• TASK DETAILS: Your answer must be an exact copy of the lines below, from the first through the one with "Photo 1 of ***(MAJOR DAMAGE)***", with no pictures.

• Records from a dataset:
········

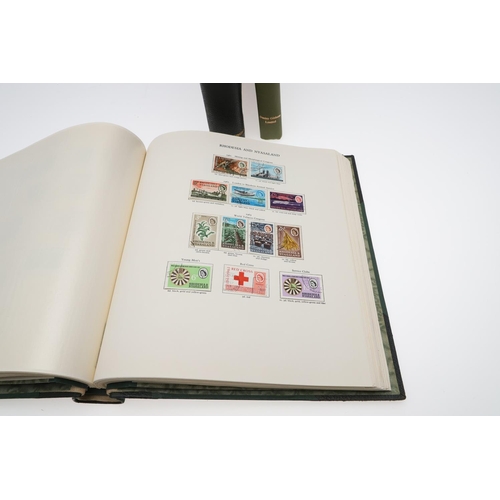 583 - BRITISH COMMONWEALTH STAMP COLLECTION - QE II. A good collection including six New Age stamp albums ... 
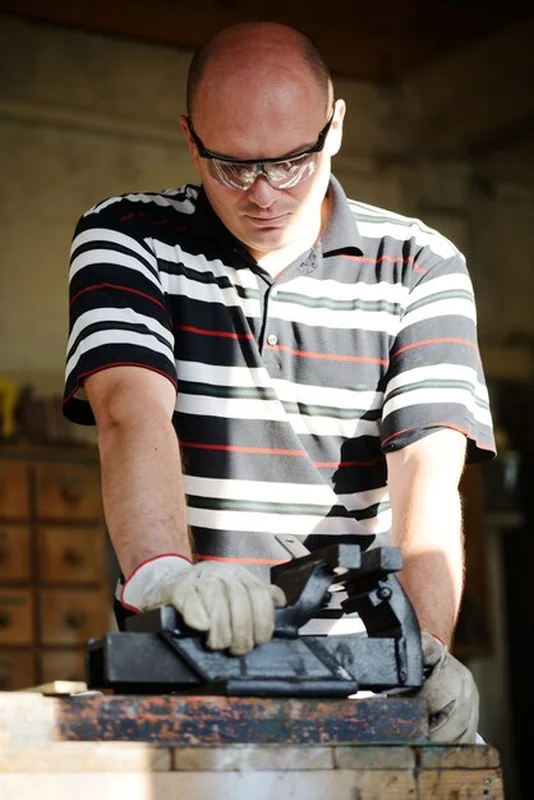 Craft pracownik pracuje przy warsztatem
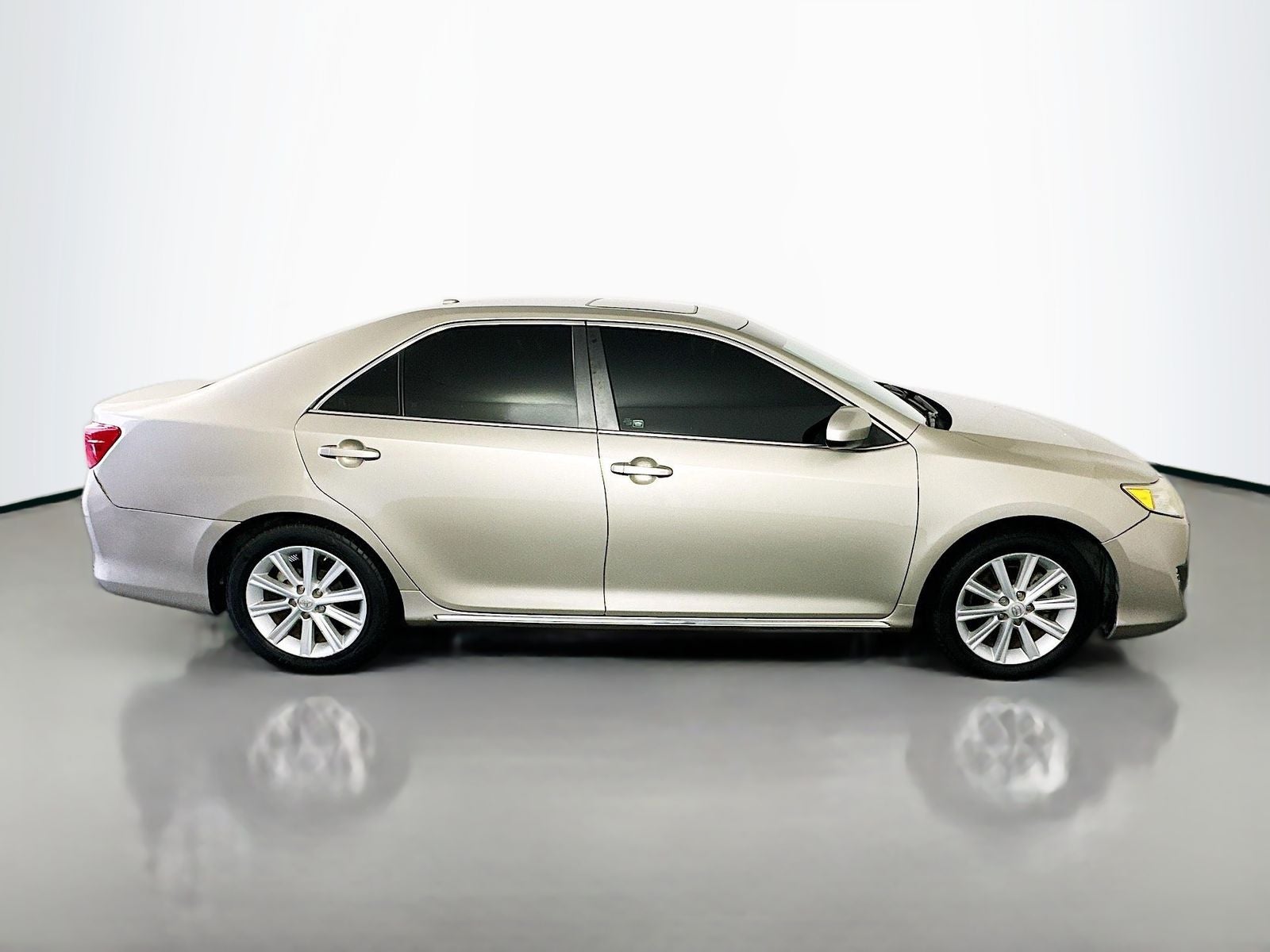 2014 Toyota Camry XLE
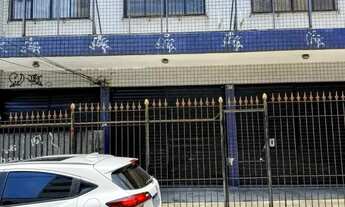 Imagem 2: Ponto comercial/Loja/Box para venda possui 235 metros quadrados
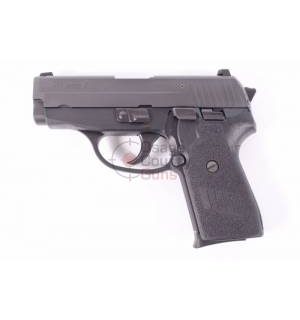 Sig Sauer P239 .40 w/ Night Sights
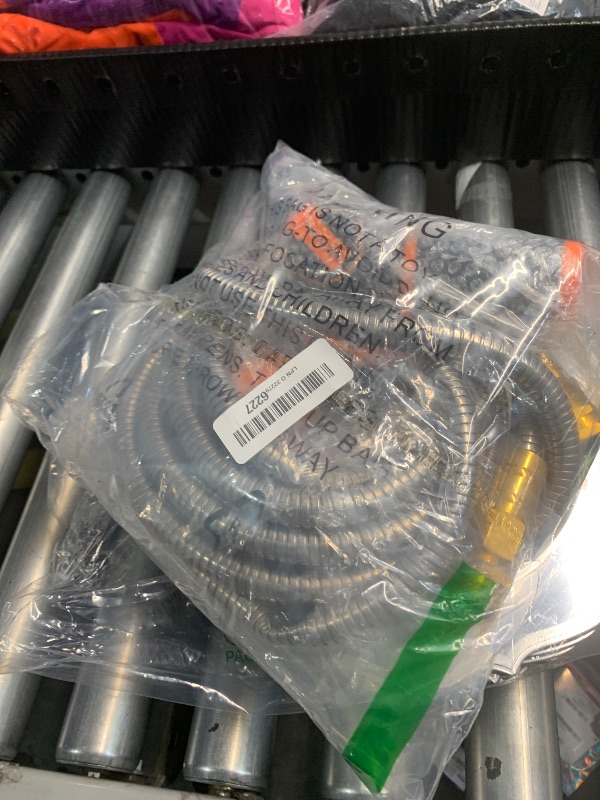 Photo 1 of ***(MAJOR DAMAGE)***
Giraffe Tools Garden Hose 25ft x 5/8", 304 Stainless Steel Metal Water Hose, No Kink Garden Water Hose with 9 Pattern Spray Nozzle, Flexible, Lightweight, Kink Free Hose for Yard, Outdoor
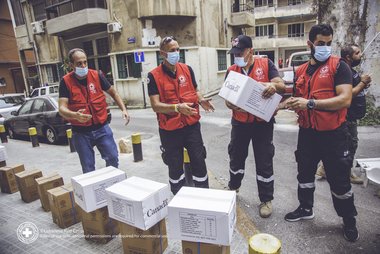 © Lebanese Red Cross Mitarbeiter des Libanesischen Roten Kreuzes verladen Hilfsgüter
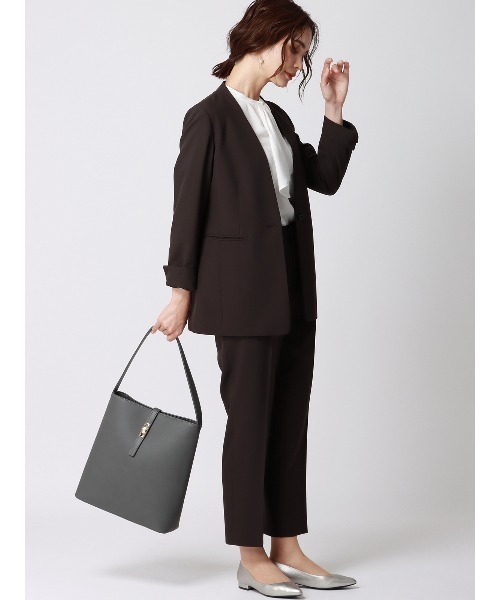 SUIT SQUARE(スーツスクエア)の「WEB限定/スタンドカラーラッフルブラウス/ハンドウォッシュ/ヘビークレープ/無地(シャツ/ブラウス・レディース・ベージュ/ホワイト/ラベンダー・38/40)」の15枚目の写真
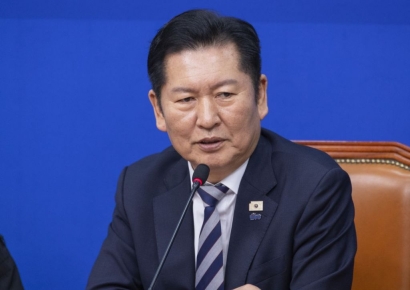 정청래 "검찰개혁, 李대통령 의지 변함없어…독소조항, 요란하지 않게 내부토론할 시간"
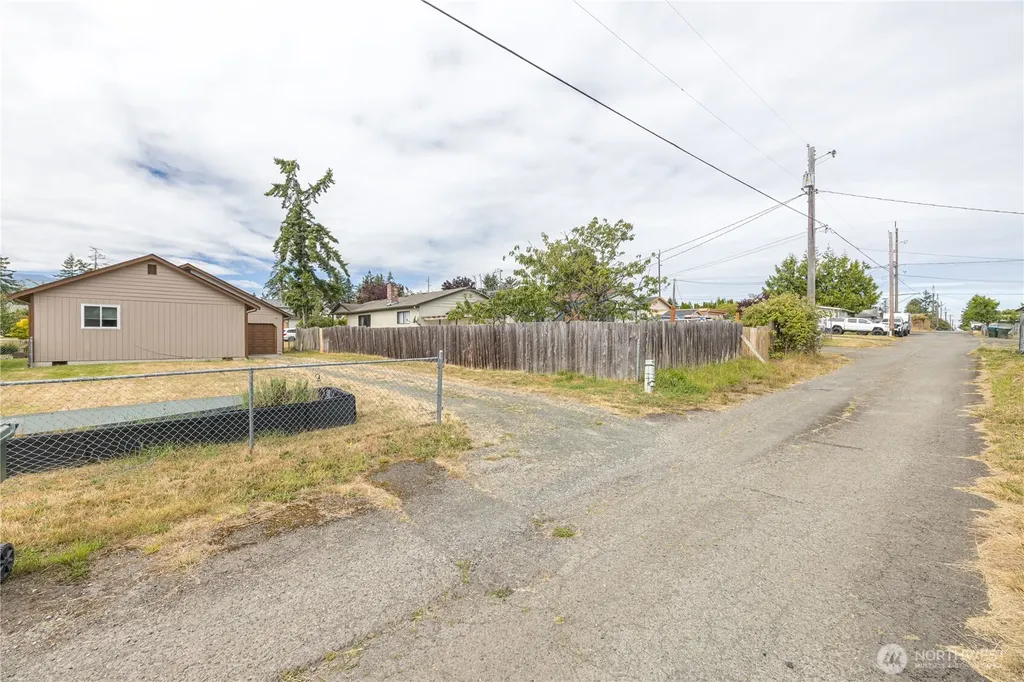 1517 W 7th Street Port Angeles WA 98363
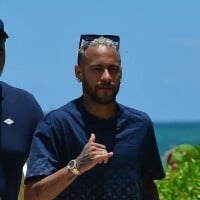 Neymar se la coule douce à Miami avec sa nouvelle compagne et sa soeur, superbes en bikinis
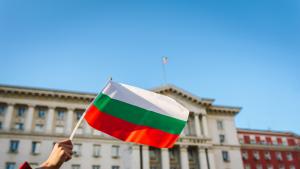 Растежът на българската икономика ще достигне едва 3 1 процента през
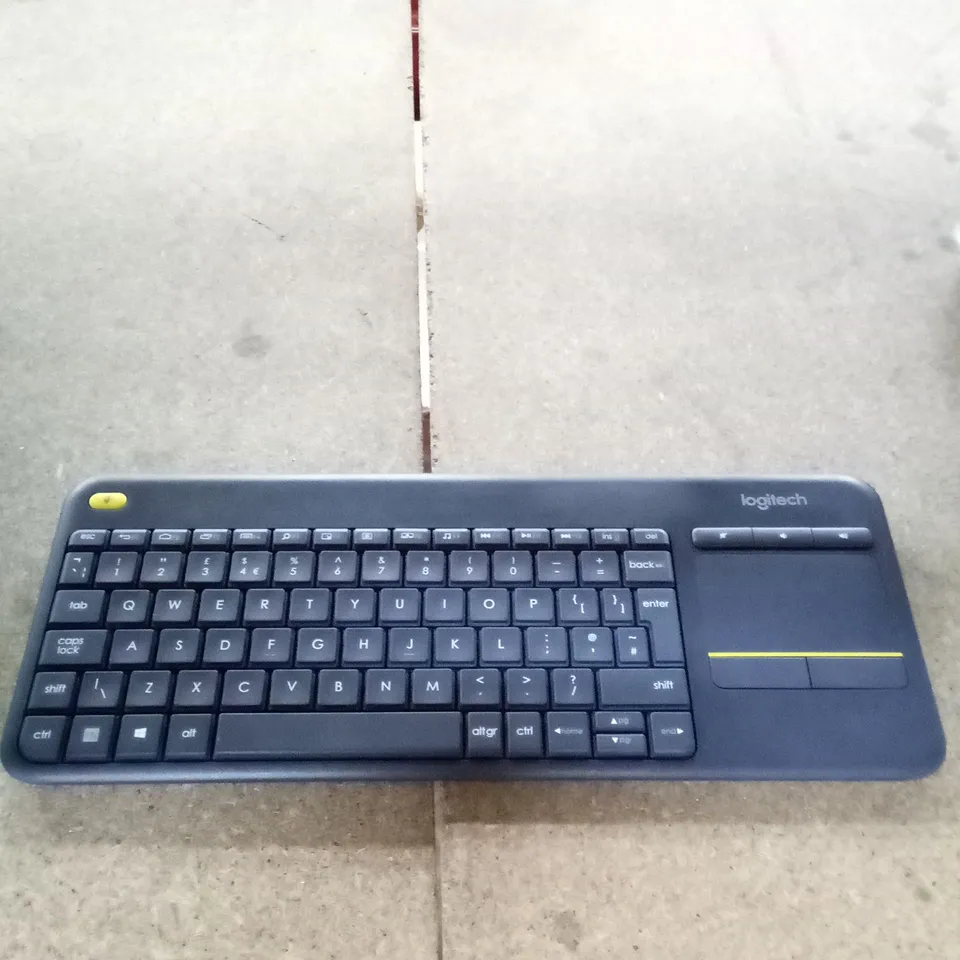 BOXED LOGITECH K400 PLUS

········

• REPLY:
 583 - BRITISH COMMONWEALTH STAMP COLLECTION - QE II. A good collection including six New Age stamp albums ... 
 Craft pracownik pracuje przy warsztatem
 2014 Toyota Camry XLE
 Imagem 2: Ponto comercial/Loja/Box para venda possui 235 metros quadrados
 Sig Sauer P239 .40 w/ Night Sights
 Photo 1 of ***(MAJOR DAMAGE)***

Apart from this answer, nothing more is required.